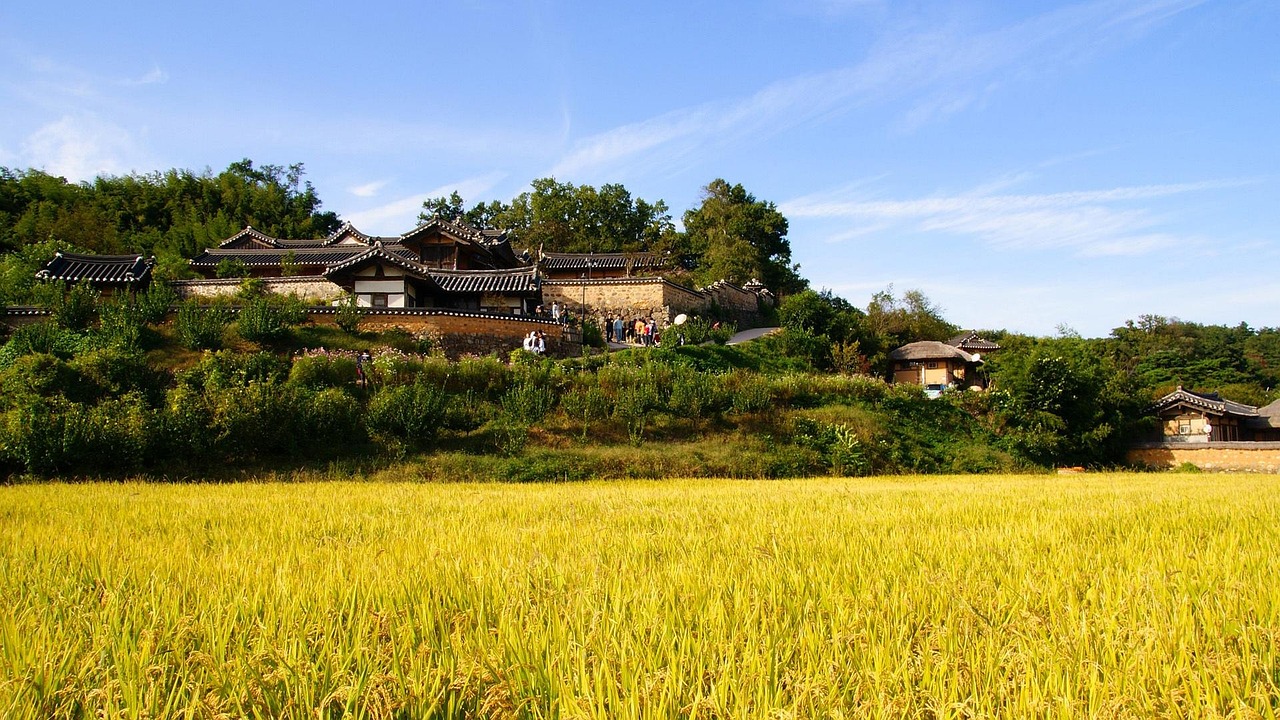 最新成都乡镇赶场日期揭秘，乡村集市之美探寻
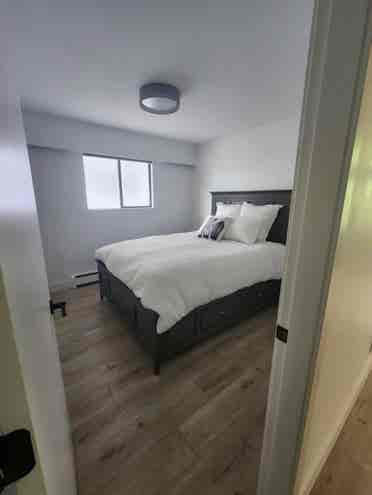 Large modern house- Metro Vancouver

---

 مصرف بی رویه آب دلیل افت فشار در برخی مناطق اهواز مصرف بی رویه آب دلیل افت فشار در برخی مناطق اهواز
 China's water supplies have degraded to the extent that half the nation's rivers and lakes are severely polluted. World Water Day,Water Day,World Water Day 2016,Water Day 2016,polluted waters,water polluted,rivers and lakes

PROBLEM DETAILS: Of all the entries above, retype exactly the lines from the line with "مناطق اهواز مصرف" to the line with "China's water supplies", both included, and no others.

EXERCISE RESPONSE:
 مصرف بی رویه آب دلیل افت فشار در برخی مناطق اهواز مصرف بی رویه آب دلیل افت فشار در برخی مناطق اهواز
 China's water supplies have degraded to the extent that half the nation's rivers and lakes are severely polluted. World Water Day,Water Day,World Water Day 2016,Water Day 2016,polluted waters,water polluted,rivers and lakes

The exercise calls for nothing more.